Inspiration

Residential life at NUS University Town is vibrant and full of opportunities, with events, facilities, and community initiatives happening every week. Yet, many students feel disconnected from this experience. The issue is not a lack of opportunities, but a lack of accessibility. Important information from event details and dining hours to booking procedures and announcements, is fragmented across multiple platforms such as Telegram chats, emails, websites, and notice boards.

What should take seconds to find often takes minutes, or is missed entirely. Over time, this small but persistent friction discourages students from participating fully in residential life. We were inspired by the idea that improving access to these information could significantly enhance student engagement and help residents feel more connected to their community.

What it does

ResiBot is a Telegram-native AI assistant that centralizes residential life information and proactively connects students to relevant events. It works in two key ways:

  1. Reactive (on-demand): Students can instantly access information such as event details, dining hours, facility booking procedures, and FAQs through an intuitive button-driven interface — no searching through chat histories required.
  2. Proactive (AI-powered): ResiBot learns each student's interests and recommends events tailored to them. It sends:
    • Daily personalized event digests
    • Real-time alerts for new relevant events
    • Reminders before events they are interested in

How we built it

  • Frontend Interface: Telegram Bot using Python and the python-telegram-bot library, enabling seamless interaction through commands and inline buttons.
  • Backend Logic: A Python-based application layer handles user onboarding, role-based access control (user/admin/super admin), and menu navigation.
  • Data Layer: A structured CSV-based storage system stores user profiles, roles, and event metadata. This allows non-technical RC admins to easily update information.
  • Notification System: A scheduling system sends automated alerts, including daily digests and pre-event reminders.
  • System Flow: Telegram → Bot Interface → Python Backend → Data Store → AI Recommendation → Response / Notification

Challenges we ran into

One of the biggest challenges we faced was defining the right scope within a limited timeframe. Since residential life is a broad and complex ecosystem, it was tempting to build a feature-heavy solution that tried to solve everything at once. However, we realised that overengineering would compromise both usability and feasibility and this forced us to make trade-offs — narrowing our focus to the most high-impact problems, such as information fragmentation and event discovery, while ensuring the core experience remained simple, fast, and intuitive.

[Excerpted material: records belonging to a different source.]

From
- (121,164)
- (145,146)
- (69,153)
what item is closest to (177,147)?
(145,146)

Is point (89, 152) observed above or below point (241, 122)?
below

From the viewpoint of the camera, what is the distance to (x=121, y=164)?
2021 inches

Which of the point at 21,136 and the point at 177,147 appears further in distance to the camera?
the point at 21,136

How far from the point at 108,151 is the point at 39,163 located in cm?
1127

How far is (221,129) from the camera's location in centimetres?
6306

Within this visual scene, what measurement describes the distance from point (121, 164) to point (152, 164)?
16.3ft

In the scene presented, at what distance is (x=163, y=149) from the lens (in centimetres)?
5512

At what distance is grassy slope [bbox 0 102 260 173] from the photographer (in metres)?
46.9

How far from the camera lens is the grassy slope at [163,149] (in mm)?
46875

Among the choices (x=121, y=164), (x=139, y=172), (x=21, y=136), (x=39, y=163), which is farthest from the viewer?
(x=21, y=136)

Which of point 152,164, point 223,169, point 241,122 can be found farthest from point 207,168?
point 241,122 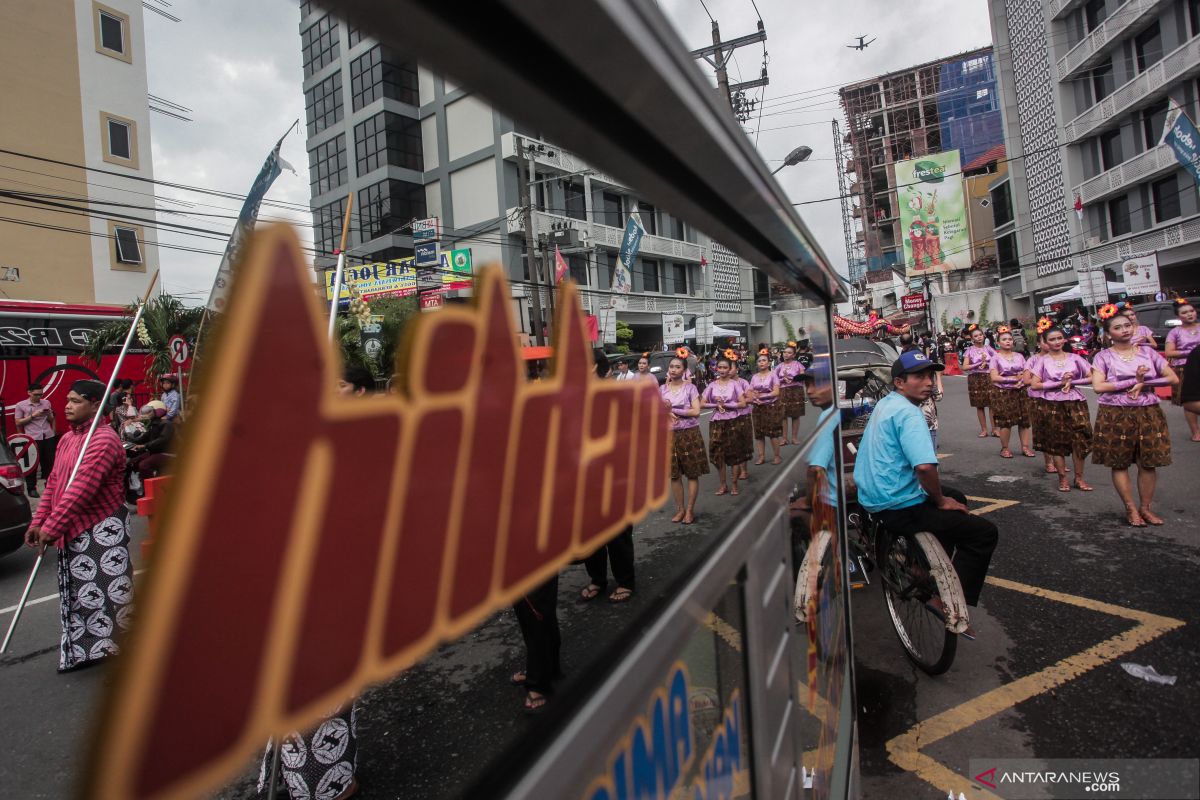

Another key challenge was designing a system that balanced simplicity with functionality. While we initially explored using AI across many parts of the bot, we encountered practical issues such as inconsistent responses, increased latency, and unnecessary complexity for routine queries. At the same time, relying purely on static menus risked making the system feel too rigid. Striking the right balance required us to rethink our architecture — using structured, button-driven flows for predictable interactions, while integrating AI selectively for higher-value features like personalized recommendations and content parsing.

In addition, as most of us were relatively new to coding, the technical implementation itself was a significant challenge but also a major area of growth. We had to quickly learn and apply concepts such as working with APIs (Telegram Bot API), structuring a Python-based backend, handling user states and role-based access control, and managing data through CSV files. Debugging issues, coordinating across different components, and ensuring the system worked end-to-end under time pressure pushed us to improve rapidly. What started as a steep learning curve became one of the most rewarding aspects of the hackathon, as we gained hands-on experience in building a real, functional system.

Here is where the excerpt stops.